My question has to do with the children of the Noldor, those born in ME. Gil-Galad faces Sauron on Mount Doom with Elendil. Gil-Galad was born in Hithlum in the First Age. As such he would not have the power that elves like Glorfindel have. It seems to me he would be less a threat to Sauron than Fingolfin was to Morgoth. Where should elves like Gil-Galad be on the scale of relative elf power? Are they like the Sindarin elves or do they have greater power inherited from their parents? If so does the power of the Noldor born in ME diminish with each new gneration?


----------



## Beleg Strongbow (Feb 1, 2002)

> _Originally posted by JeffF. _
> *Throughout the Silmarillion and LOTR there are many references to the power of elves and the specific levels of power. For example, Glorfindel who saves the wounded Frodo (to the Morgul-Knife at weathertop) is one of the most powerful. Having dwelt in Aman he has power in that unseen world the Nazgul move in. The host of the Noldor that initialy returned from the West is composed of warriors like Glorfindel.

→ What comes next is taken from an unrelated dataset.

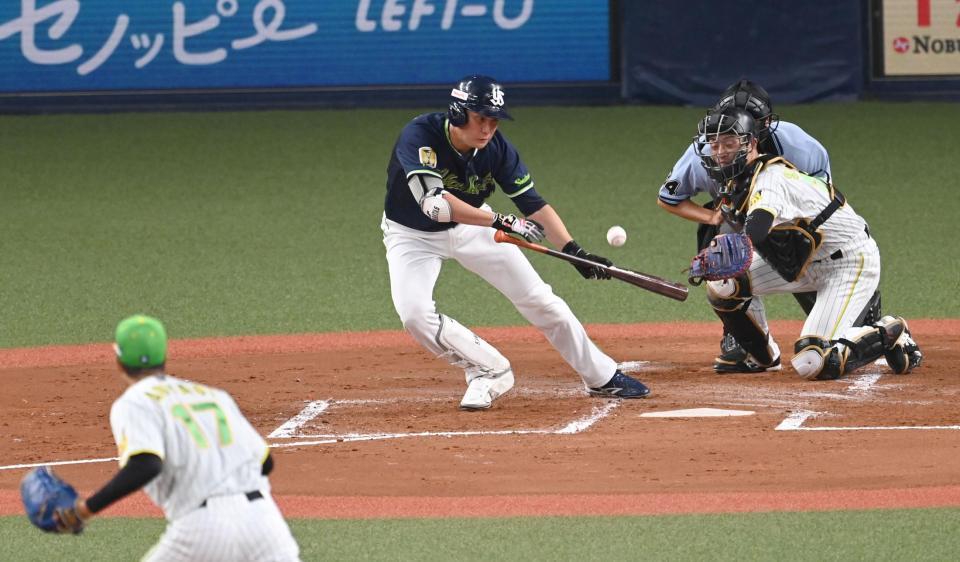 ヤクルト 代打の神様・川端が1週間ぶりのスタメン 5年ぶりの犠打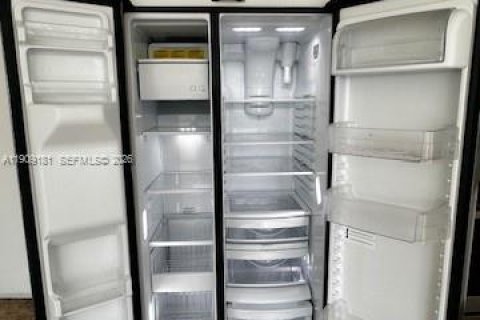 Condominio en alquiler en Miami, Florida, 1 dormitorio, 60.48 m2 № 2054358 - foto 19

The very light of their eyes and their weapons is painful to Orcs and I assume to the rest of the evil species. Next most powerful are the Sindarin elves of Thingol's kingdom who have the assistance of the Dwarves and weapons and armor of steel. Least of the elves seem to be the Green Elves of Ossiriand and the Silvan Elves of Greenwood the Great without armor and few weapons of steel until late in their histories.
> 
> My question has to do with the children of the Noldor, those born in ME. Gil-Galad faces Sauron on Mount Doom with Elendil. Gil-Galad was born in Hithlum in the First Age. As such he would not have the power that elves like Glorfindel have. It seems to me he would be less a threat to Sauron than Fingolfin was to Morgoth. Where should elves like Gil-Galad be on the scale of relative elf power? Are they like the Sindarin elves or do they have greater power inherited from their parents? If so does the power of the Noldor born in ME diminish with each new gneration? *






I think it would but the power wouldn't be as much as their parent's. Gil Galad was mighty elf nonetheless. He was not as mighty as any of the noldor once they came form Aman. But he was a stronger then most of Thingol's elves. In my opionon.


----------



## Tyaronumen (Feb 1, 2002)

Yes, I would say that Gil-Galad was probably mightier than most of the elves of Thingol, but then so was Luthien Tinuviel... Similarly to Beleg, I think that maybe the children of the Calaquendi had some of the great power and might of their parents, even though the children themselves were of the Moriquendi...


----------



## Wood Elf (Feb 5, 2002)

Okay, pardon me for asking something here, but when you say an elf of Greenwood, is Greenwood the same as Mirkwood, just different name for the same thing? Pardon my total ignorance here, but I won't know if I don't ask, and the question will eat away at my mind until answered!


----------



## JeffF. (Feb 6, 2002)

*Yes, the same*

mirkwood was the name given when evil things started inhabiting the region. Greenwood is the more ancient name given by the elves.


----------



## Confusticated (Jan 26, 2003)

> _Posted once upon a time by JeffF._
> *Where should elves like Gil-Galad be on the scale of relative elf power? Are they like the Sindarin elves or do they have greater power inherited from their parents? If so does the power of the Noldor born in ME diminish with each new gneration?*


I don't know. Maybe somebody else does


----------



## Gil-Galad (Jan 31, 2003)

hmhmmhm............I heard you are talking about me......
To say the truth I do not have such power as my parents.Actually I think that I can make a list of powerful elves:
1Elves that have seen the light of the two trees in Valinor-I believe those elves are the most powerful inME.
2Elves that haven't seen the light but are sons or daughters of those who have seen it.
3Elves who haven't seen the light and are far-fetched relatives to those who have seen it.
4Elves who have never seen the light and do not have anything in common with elves who have seen it.


----------



## Confusticated (Jan 31, 2003)

Will you tell why you think that an elf born in Middle-earth to Calaquendi parents had more power than a dark elf because of that?


----------



## Ithrynluin (Feb 1, 2003)

> _Originally posted by Nóm _
> *Will you tell why you think that an elf born in Middle-earth to Calaquendi parents had more power than a dark elf because of that? *



Probably because he's basing all this on the assumption that if the parents have seen the Light, their children will be greater than children of parents that haven't seen it.
Pretty simple and straightforward, but I agree with it.


----------



## Confusticated (Feb 1, 2003)

> _Originally posted by ithrynluin _
> *Probably because he's basing all this on the assumption that if the parents have seen the Light, their children will be greater than children of parents that haven't seen it.
> Pretty simple and straightforward, but I agree with it. *


It's quite a big assumption.

I don't just assume it. Maybe we ought to look for examples or indications!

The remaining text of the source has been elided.